God equips the "called"
I'll admit: I was not a fan of Chance the Rapper before last night. And I don't even know if I consider myself one now (give me a little time, though). But my opinion on music matters little. What truly matters here is that this young, aspiring musician used his God-given ability and platform to both rap and speak for giving God His due glory. I won't worship Chance, only God is worthy of worshipping, but I'll stand and cheer alongside him in this good work.
And that's exactly what God has done. Look at the disciples who walked with Jesus during His time on earth. Jesus chose fishermen, a doctor, and a tax-collector. Not pastors. Not Bible scholars. But people who worked outside the church, and were able to help bring church to the world. The church is not a building or a Sunday gathering, but a community of believers out in the world proclaiming the name of Jesus.
Therefore, God isn't searching for people worthy of platforming for His glory. In fact, Scripture tells us nobody is worthy of that kind of spotlight. Instead, God equips those, who faithfully trust in Him, with what is necessary to fulfill His will. Let's ask God to help us remember this piece of Scripture for moments like these:
Hebrews 13:20-21, "Now may the God of peace, who through the blood of the eternal covenant brought back from the dead our Lord Jesus, the great Shepherd of the sheep, equip you with every good thing to do His will. And may He accomplish in us what is pleasing in His sight through Jesus Christ, to whom be glory forever and ever. Amen."
May we trust in God that a magnificent work has been done, through Christ. While studying Ephesians 2 this morning, my friend and I observed this work of grace through faith coming to fruition.
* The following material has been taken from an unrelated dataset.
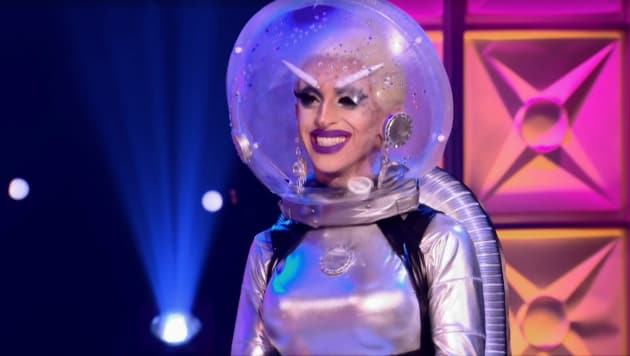 Spacewoman - RuPaul's Drag Race Season 10 Episode 4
Take a moment, and read what God has done that makes Him worthy of all praise and glory, that He will justly receive.
How great is our God, that a 23-year old, independent rapper could make history, and give God the glory in that moment? How great is our God, that the name of the Lord was proclaimed through the speakers at the Staples Center and through every tuned television at home. And how great is our God, that His glory and fame are not dependent on any of us, but He graciously uses sinners like you and me to receive all of it:
Philippians 2:9-11, "For this reason also, God highly exalted Him (Jesus), and bestowed on Him the name which is above every name, so that at the name of Jesus every knee will bow, of those who are in heaven and on earth and under the earth, and that every tongue will confess that Jesus Christ is Lord, to the glory of God the Father."
Last night was never about Chance, or any other musician. It was a celebration of God-given talent to the glory of God alone. As great as last night was for Chance, he only (yes, I use that cautiously) took home 3 of the 84 total awards presented. And this was the 59th year of the Grammy Awards.
The point is that even on one of the largest stages of the music industry, each individual must share the spotlight. And yet, the only individual who deserves the fame, glory, and praise is Jesus.
By no means do you need to celebrate Chance's decision to use his platform for good. You might disagree with me, and that's okay. But, I choose to cheer him on as he seeks to glorify God with the gifts He has given him. And I pray Chance continues to do so, as God decides to use him to unite people in a fractured, broken, hurting world.
May we learn from this momentary example, and put God first in all that we do, whatever God has gifted us in. Let us seek to bring church to our friends and peers through our words, actions, and attitudes. And God, please help us to remember that this world revolves around Jesus alone, not us.
Jesus is the point of life. Use your God-given gifts and platform to glorify your Maker, your Creator, and your Father in heaven.